#### Your assignment:
Everything in the listing below must be reproduced exactly, apart from its images.

#### Supplied material:
* * *
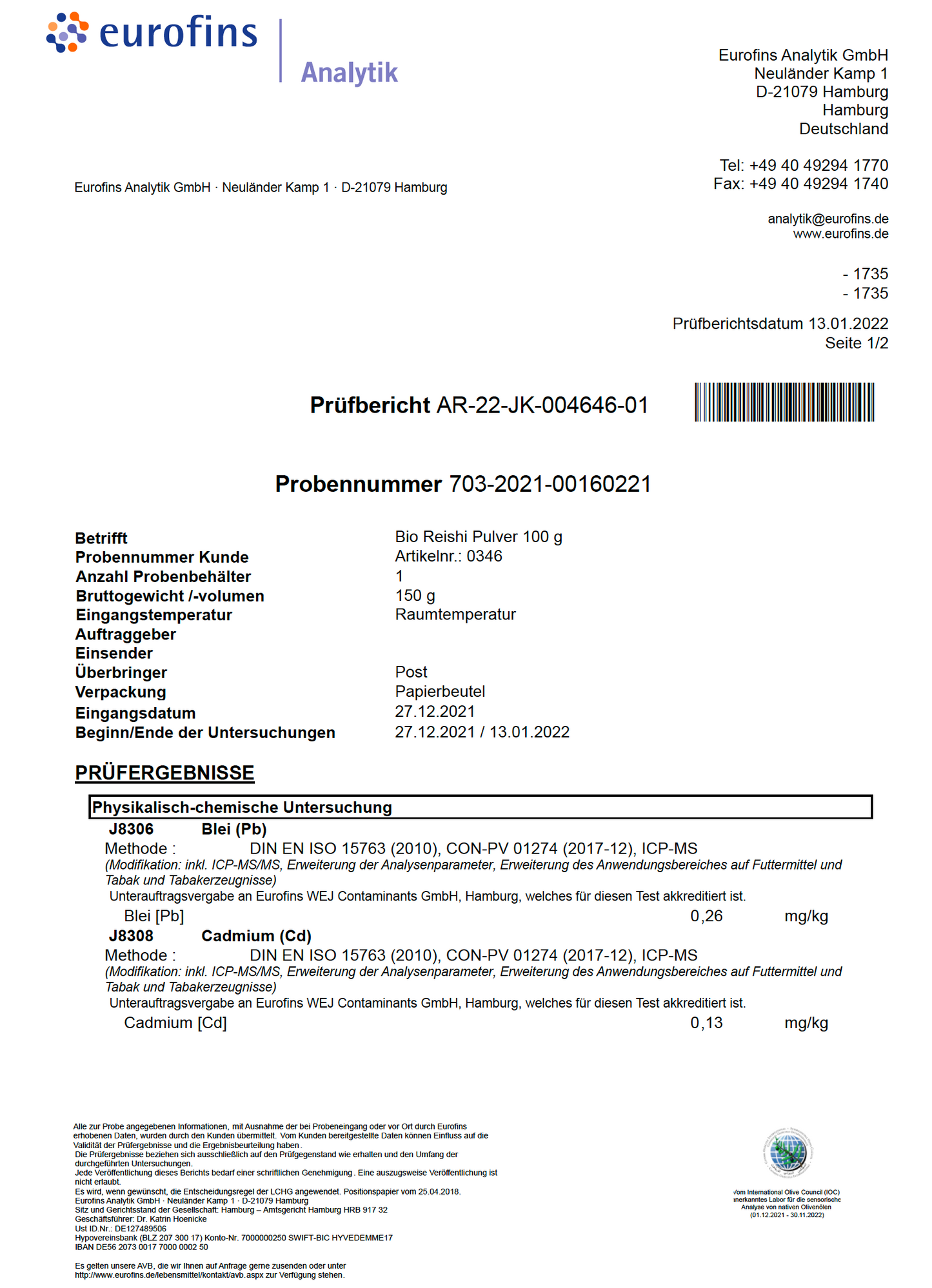 Premium Bio Reishi Pilz Pulver 100g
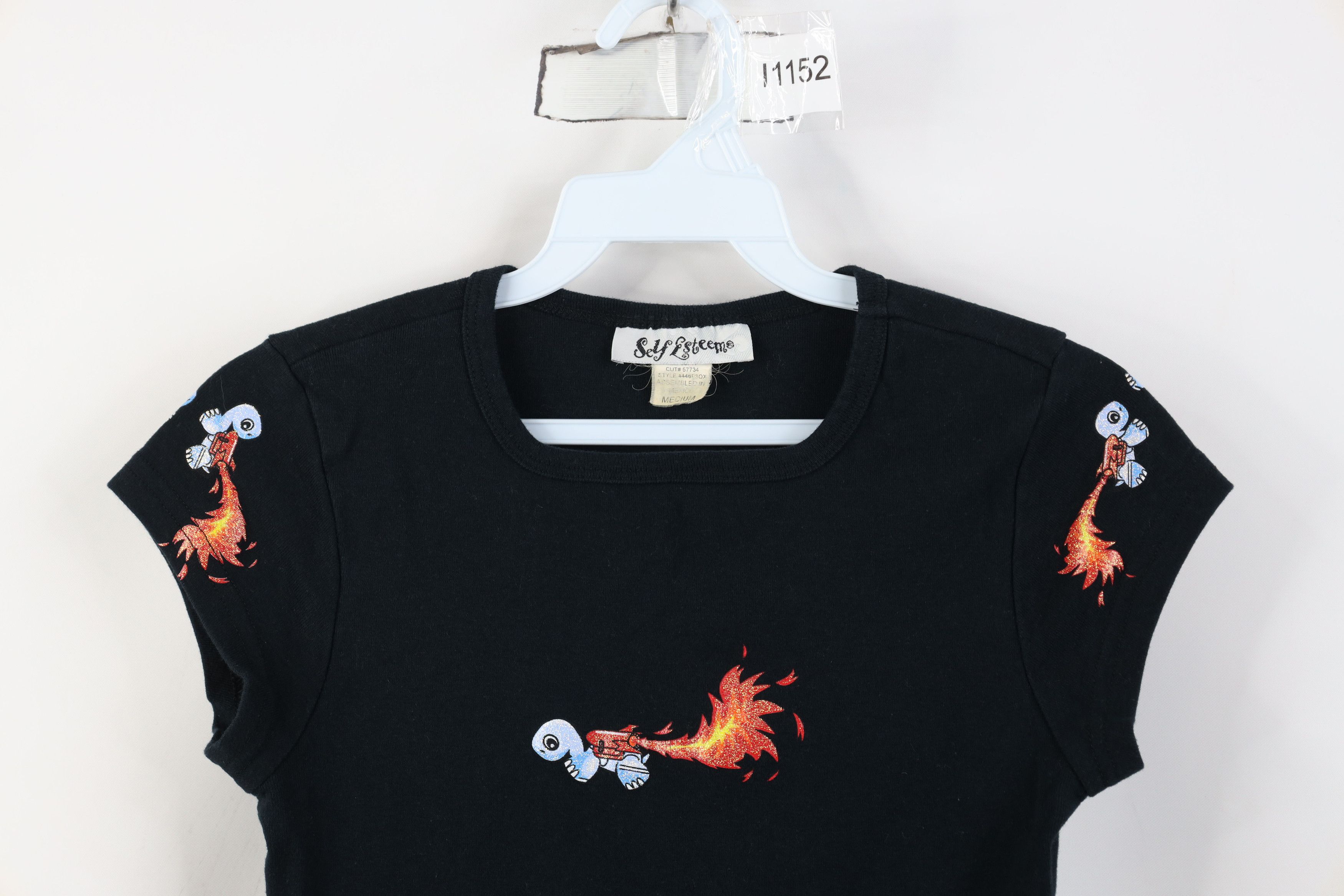 Vintage Vintage 90s Y2K Babydoll Fire Flames Ribbed Knit T-Shirt Size M / US 6-8 / IT 42-44 - 2 Thumbnail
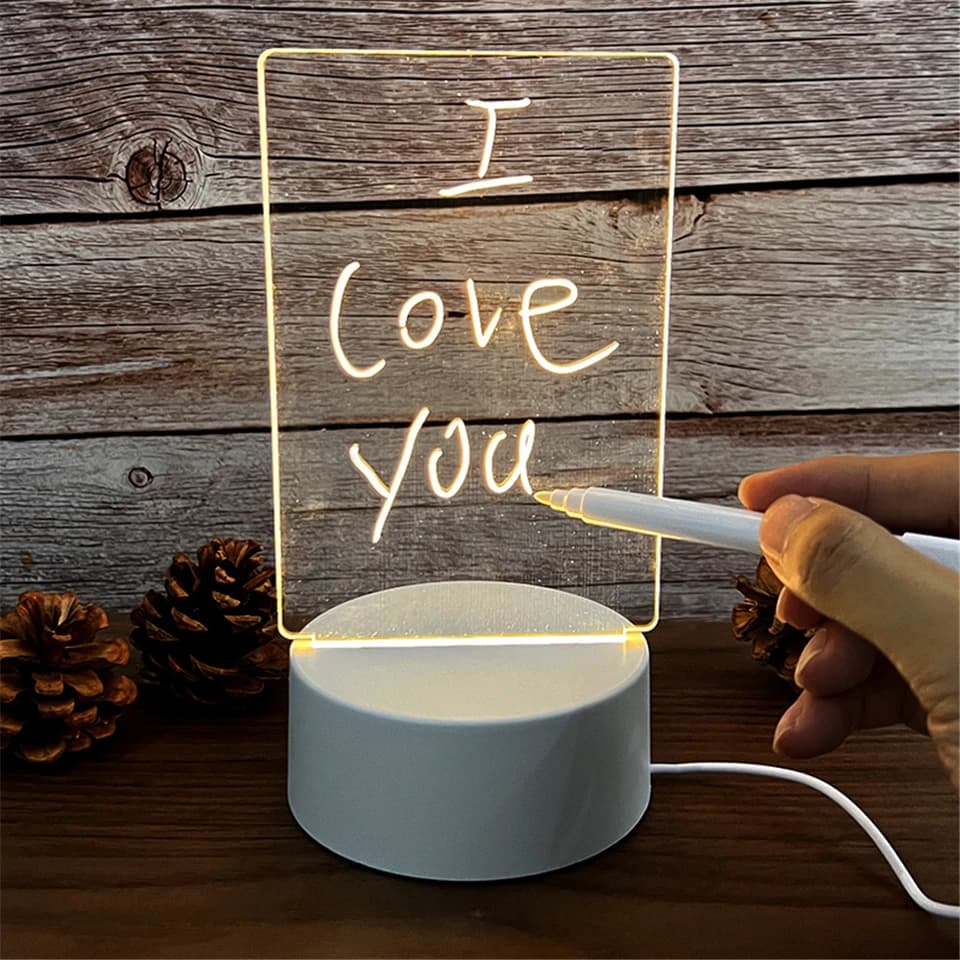 LED noční světlo na nástěnku - průhledné akrylové, napájené z USB, vymazatelné, kalendářní, stolní lampa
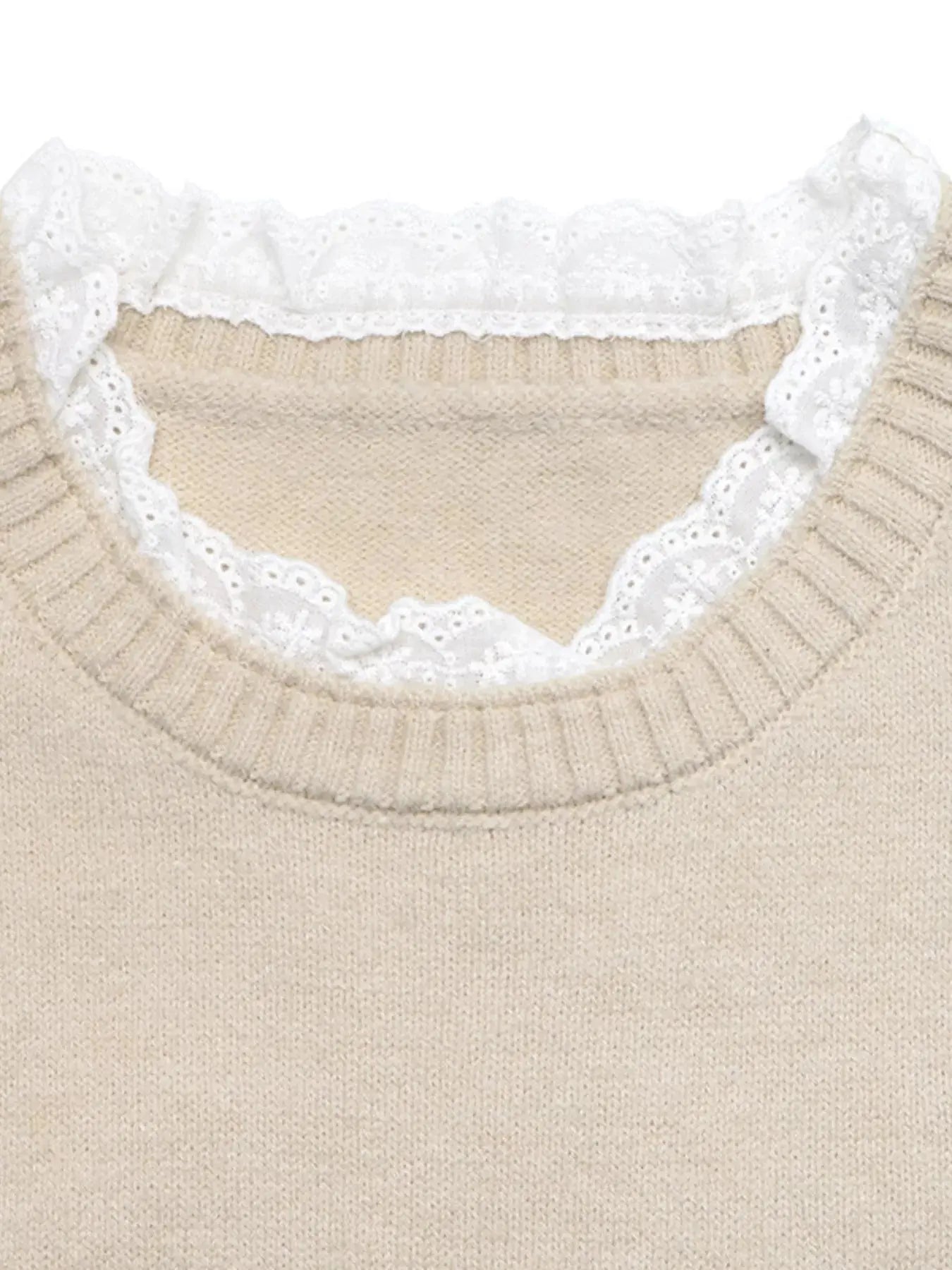 Elegant Lace Trim Round Neck Sweater  Style Ratio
* * *
#### Answer to this task:
 Premium Bio Reishi Pilz Pulver 100g
 Vintage Vintage 90s Y2K Babydoll Fire Flames Ribbed Knit T-Shirt Size M / US 6-8 / IT 42-44 - 2 Thumbnail
 LED noční světlo na nástěnku - průhledné akrylové, napájené z USB, vymazatelné, kalendářní, stolní lampa
 Elegant Lace Trim Round Neck Sweater  Style Ratio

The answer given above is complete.